Dataset extract:
++++++++++

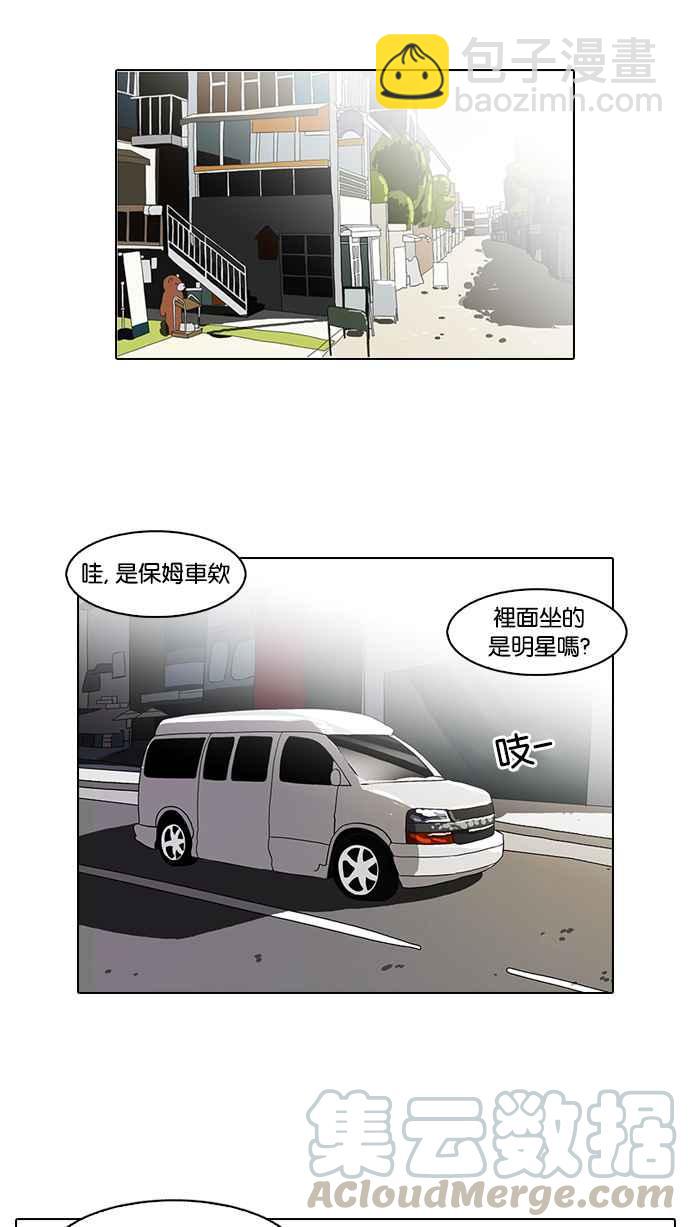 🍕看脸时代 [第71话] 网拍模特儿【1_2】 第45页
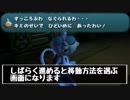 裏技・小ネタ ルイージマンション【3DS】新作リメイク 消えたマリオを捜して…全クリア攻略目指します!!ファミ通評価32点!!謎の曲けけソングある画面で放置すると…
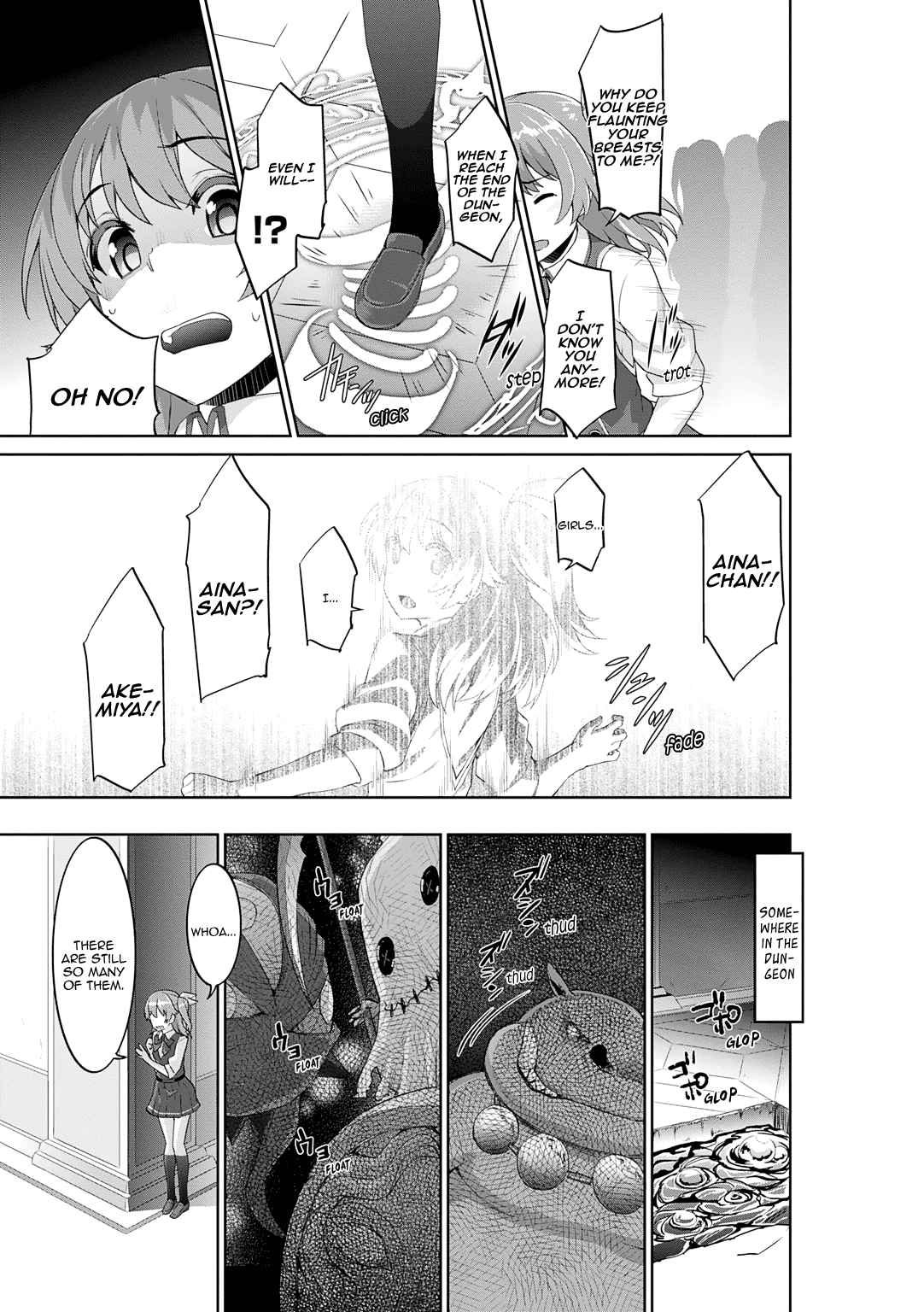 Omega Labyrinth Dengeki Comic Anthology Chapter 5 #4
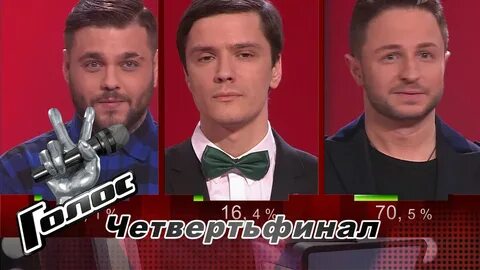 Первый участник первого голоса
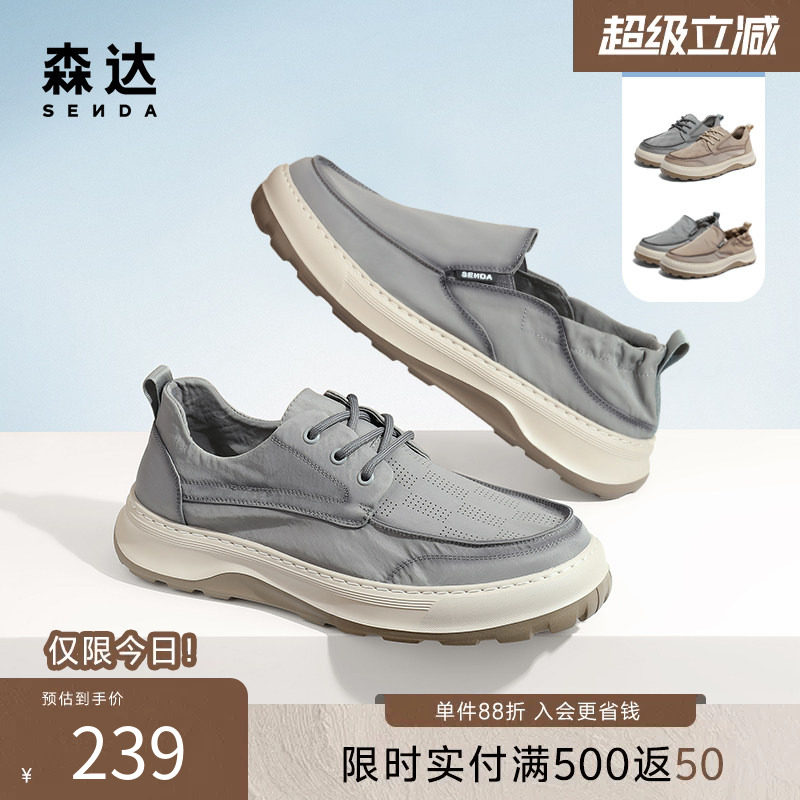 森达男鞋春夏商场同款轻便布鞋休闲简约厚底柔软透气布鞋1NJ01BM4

++++++++++

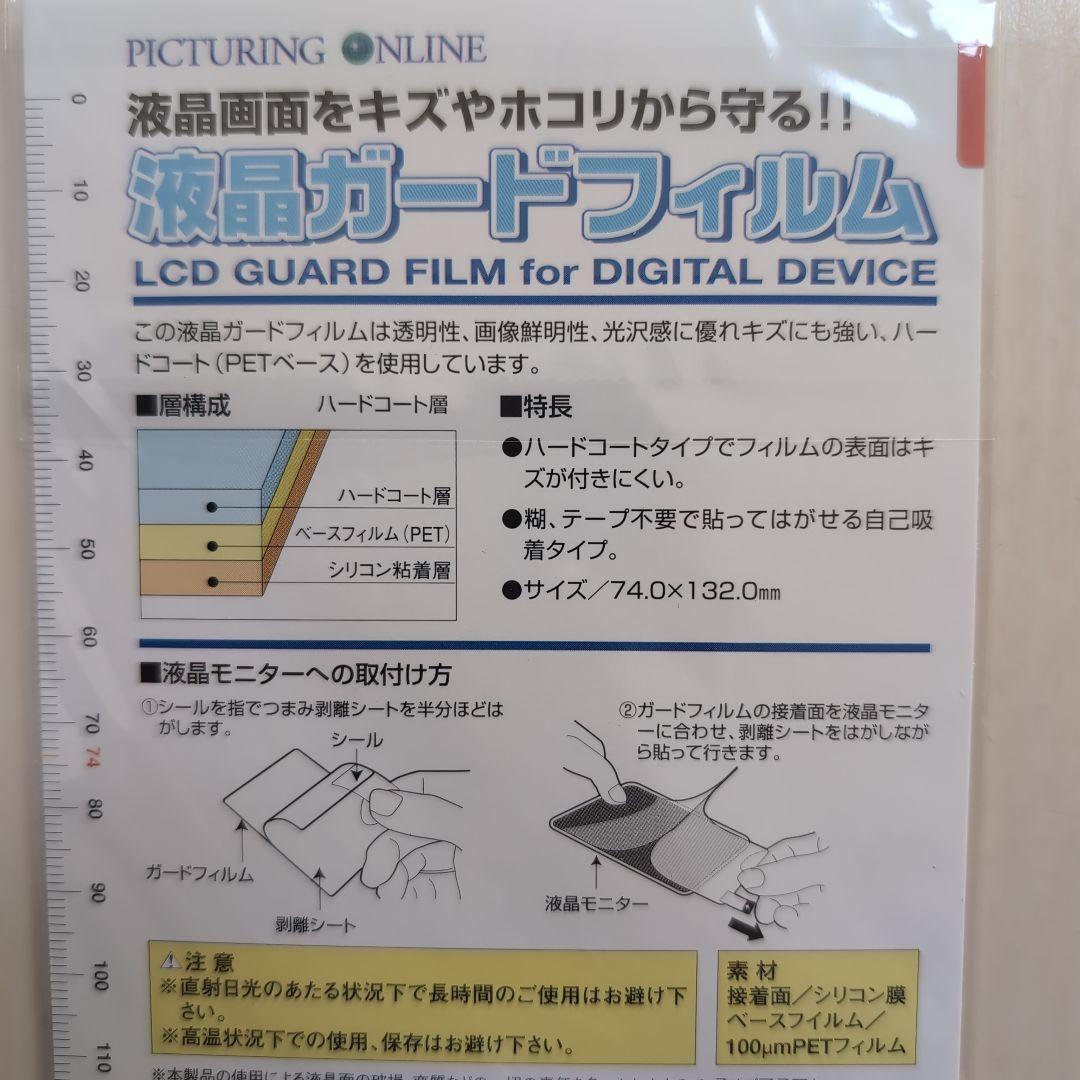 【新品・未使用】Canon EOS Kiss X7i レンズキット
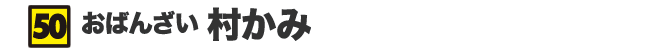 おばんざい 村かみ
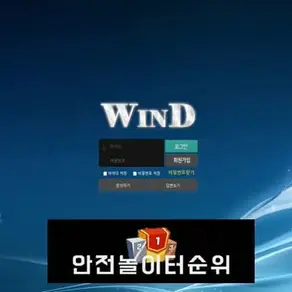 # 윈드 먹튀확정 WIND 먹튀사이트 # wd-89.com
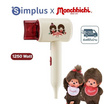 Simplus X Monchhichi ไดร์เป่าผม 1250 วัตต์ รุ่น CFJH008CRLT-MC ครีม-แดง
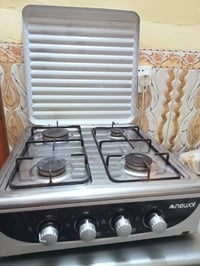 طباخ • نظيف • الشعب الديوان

++++++++++

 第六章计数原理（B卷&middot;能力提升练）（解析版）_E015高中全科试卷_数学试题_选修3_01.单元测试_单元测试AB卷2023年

++++++++++

Task statement: Above, find the line with "# 윈드 먹튀확정 WIND 먹튀사이트 # wd-89.com"; copy it and every line down to the line with "طباخ • نظيف • الشعب الديوان", exactly and both included, but no pictures.

Reply:
 # 윈드 먹튀확정 WIND 먹튀사이트 # wd-89.com
 Simplus X Monchhichi ไดร์เป่าผม 1250 วัตต์ รุ่น CFJH008CRLT-MC ครีม-แดง
 طباخ • نظيف • الشعب الديوان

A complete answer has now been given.